WHAT IS REQUIRED: Leave out any pictures and transcribe all other data below exactly.

MATERIAL FOR THE TASK:
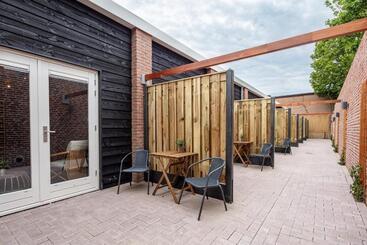 هتل Herberg Binnen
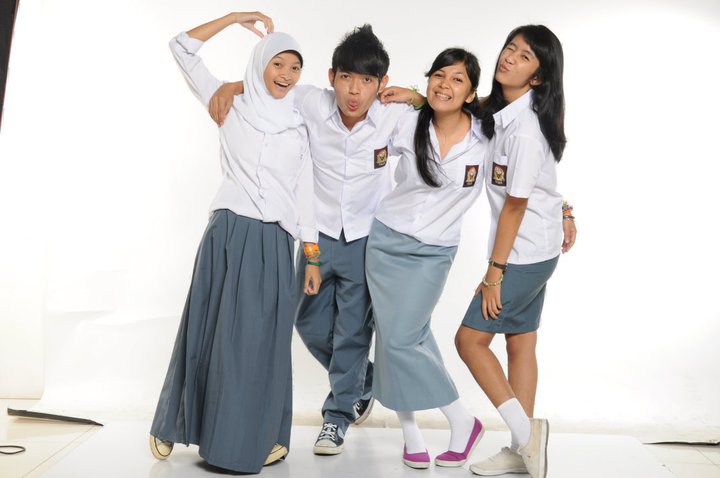 Keliling Dunia Melihat Tipe Seragam Siswi SMA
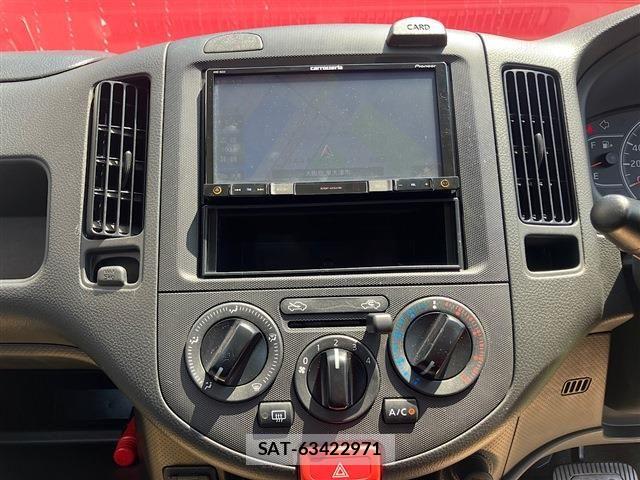 Nissan AD VAN 2016-05 8560879-18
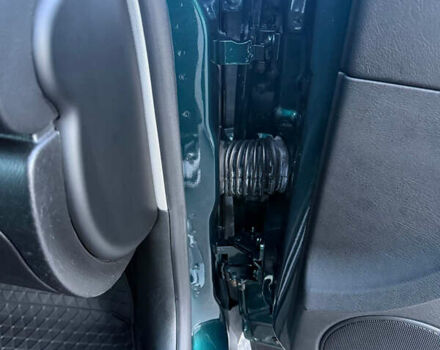 Зелений Фольксваген Пассат, об'ємом двигуна 1.6 л та пробігом 164 тис. км за 6499 $, фото 90 на Automoto.ua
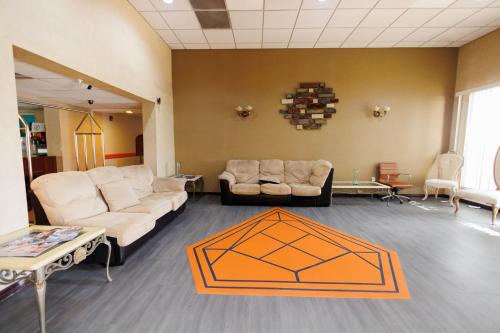 Garnet Inn & Suites - main image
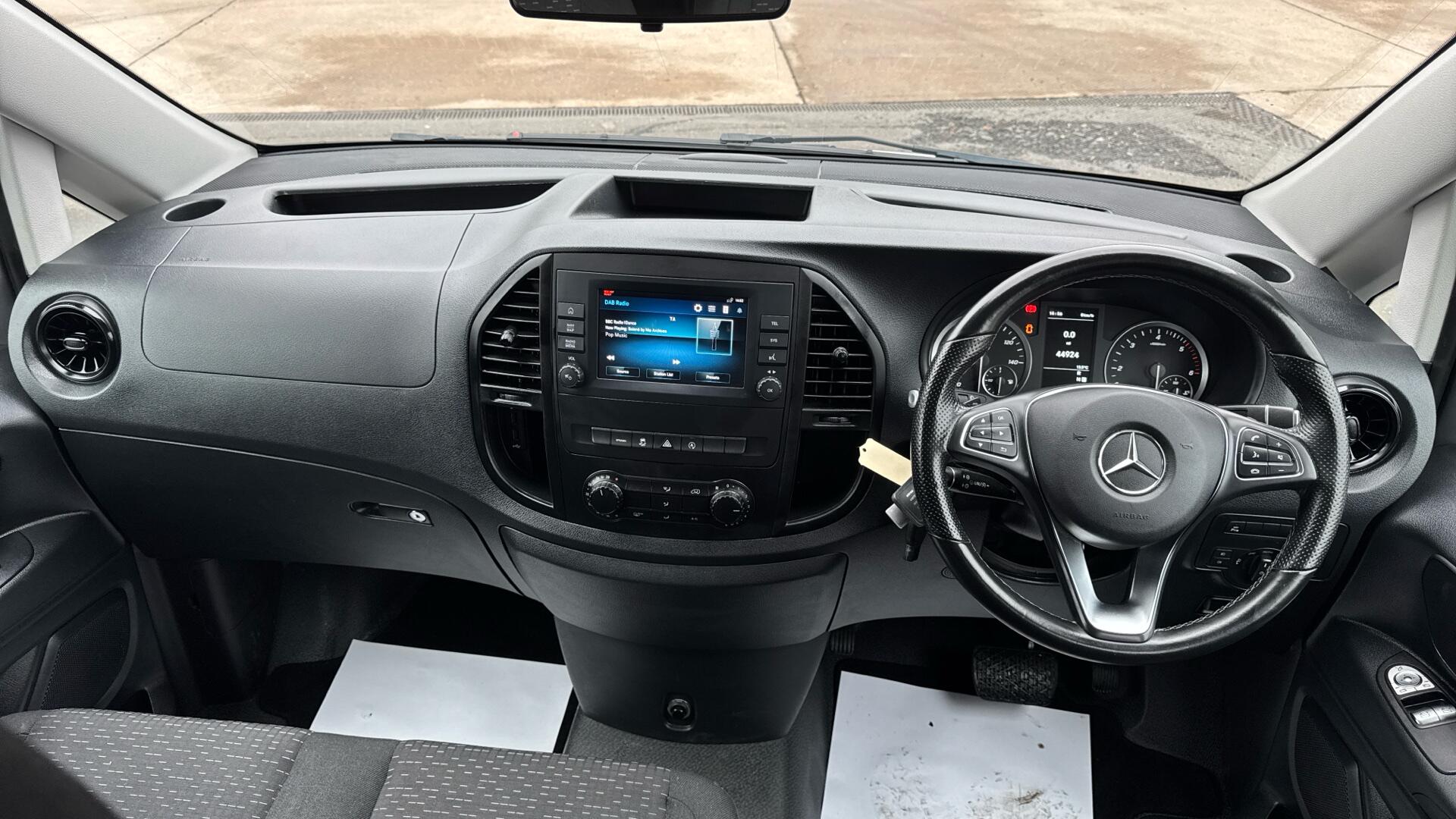 116CDI Premium Crew Van 9G-Tronic L2 Eu6 Image 31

ANSWER SECTION:
 هتل Herberg Binnen
 Keliling Dunia Melihat Tipe Seragam Siswi SMA
 Nissan AD VAN 2016-05 8560879-18
 Зелений Фольксваген Пассат, об'ємом двигуна 1.6 л та пробігом 164 тис. км за 6499 $, фото 90 на Automoto.ua
 Garnet Inn & Suites - main image
 116CDI Premium Crew Van 9G-Tronic L2 Eu6 Image 31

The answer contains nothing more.